Keep every line in which "Foto" occurs and drop the rest of the data.

**Records for the exercise**
>>>>

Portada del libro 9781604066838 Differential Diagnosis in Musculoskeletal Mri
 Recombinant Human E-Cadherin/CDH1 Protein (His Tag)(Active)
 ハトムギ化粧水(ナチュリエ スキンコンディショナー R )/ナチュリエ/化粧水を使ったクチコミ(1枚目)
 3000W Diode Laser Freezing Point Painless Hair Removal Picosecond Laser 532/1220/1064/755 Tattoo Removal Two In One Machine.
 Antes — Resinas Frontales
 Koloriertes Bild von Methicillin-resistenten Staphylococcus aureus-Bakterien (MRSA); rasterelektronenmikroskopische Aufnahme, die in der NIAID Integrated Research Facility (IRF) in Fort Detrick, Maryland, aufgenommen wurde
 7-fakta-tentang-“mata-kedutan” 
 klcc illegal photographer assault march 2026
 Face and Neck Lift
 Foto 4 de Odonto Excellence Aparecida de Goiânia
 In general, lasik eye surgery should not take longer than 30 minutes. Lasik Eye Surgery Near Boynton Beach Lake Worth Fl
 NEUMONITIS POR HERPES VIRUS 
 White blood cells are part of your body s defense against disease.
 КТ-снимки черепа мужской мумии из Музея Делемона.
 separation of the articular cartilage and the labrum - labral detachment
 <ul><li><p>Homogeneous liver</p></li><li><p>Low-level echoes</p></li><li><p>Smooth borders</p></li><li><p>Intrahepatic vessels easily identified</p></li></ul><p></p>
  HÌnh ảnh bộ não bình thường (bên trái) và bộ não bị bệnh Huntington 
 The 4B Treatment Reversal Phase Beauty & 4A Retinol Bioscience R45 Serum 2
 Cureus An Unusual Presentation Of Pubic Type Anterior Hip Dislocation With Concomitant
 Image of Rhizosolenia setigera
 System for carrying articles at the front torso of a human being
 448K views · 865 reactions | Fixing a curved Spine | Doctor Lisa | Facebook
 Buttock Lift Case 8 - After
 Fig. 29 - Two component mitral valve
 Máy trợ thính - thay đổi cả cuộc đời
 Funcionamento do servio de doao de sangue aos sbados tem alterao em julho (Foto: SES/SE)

<<<<

**Solution to the problem**
 Foto 4 de Odonto Excellence Aparecida de Goiânia
 Funcionamento do servio de doao de sangue aos sbados tem alterao em julho (Foto: SES/SE)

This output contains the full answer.